Input: image = [[1,1,1],[1,1,0],[1,0,1]], sr = 1, sc = 1, color = 2

Output: [[2,2,2],[2,2,0],[2,0,1]]

Explanation:

Example 2:

Input: image = [[0,0,0],[0,0,0]], sr = 0, sc = 0, color = 0

Output: [[0,0,0],[0,0,0]]

Explanation: The starting pixel is already colored with 0, which is the same as the target color.

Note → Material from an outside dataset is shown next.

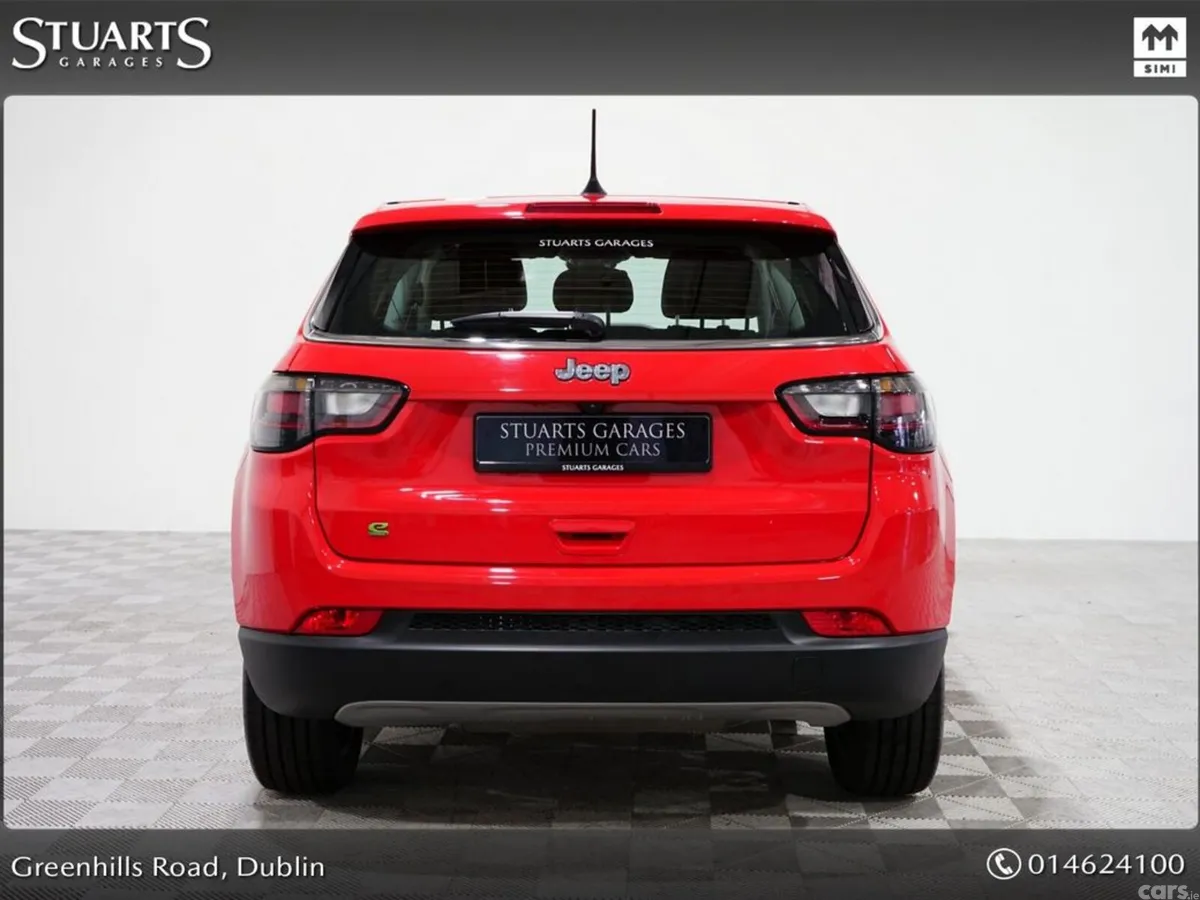 Jeep Compass SUV, Petrol, 2025, Red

Therefore, no changes are made to the image.

Constraints:

m == grid.length
n == grid[i].length
1 <= m, n <= 50
0 <= image[i][j], color < (2^16)
0 <= sr < m
0 <= sc < n

Company Tags

Please upgrade to NeetCode Pro to view company tags.

1. Depth First Search

class Solution:
    def floodFill(self, image: List[List[int]], sr: int, sc: int, color: int) -> List[List[int]]:
        if image[sr][sc] == color:
            return image

        m, n = len(image), len(image[0])
        dirs = [1,0,-1,0,1]

        def dfs(r, c, org):
            if not (0 <= r < m) or not (0 <= c < n) or image[r][c] != org:
                return

            image[r][c] = color
            for d in range(4):
                dfs(r + dirs[d], c + dirs[d + 1], org)

        dfs(sr, sc, image[sr][sc])
        return image

Time & Space Complexity

Time complexity: $O(m * n)$
Space complexity: $O(m * n)$

Where $m$ is the number of rows and $n$ is the number of columns in the image.

2. Breadth First Search

class Solution:
    def floodFill(self, image: List[List[int]], sr: int, sc: int, color: int) -> List[List[int]]:
        orig = image[sr][sc]
        if orig == color:
            return image

        m, n = len(image), len(image[0])
        q = deque([(sr, sc)])
        image[sr][sc] = color
        dirs = [(1,0), (-1,0), (0,1), (0,-1)]

        while q:
            r, c = q.popleft()
            for dr, dc in dirs:
                nr, nc = r + dr, c + dc
                if 0 <= nr < m and 0 <= nc < n and image[nr][nc] == orig:
                    image[nr][nc] = color
                    q.append((nr, nc))

        return image

Time & Space Complexity

Time complexity: $O(m * n)$
Space complexity: $O(m * n)$

Where $m$ is the number of rows and $n$ is the number of columns in the image.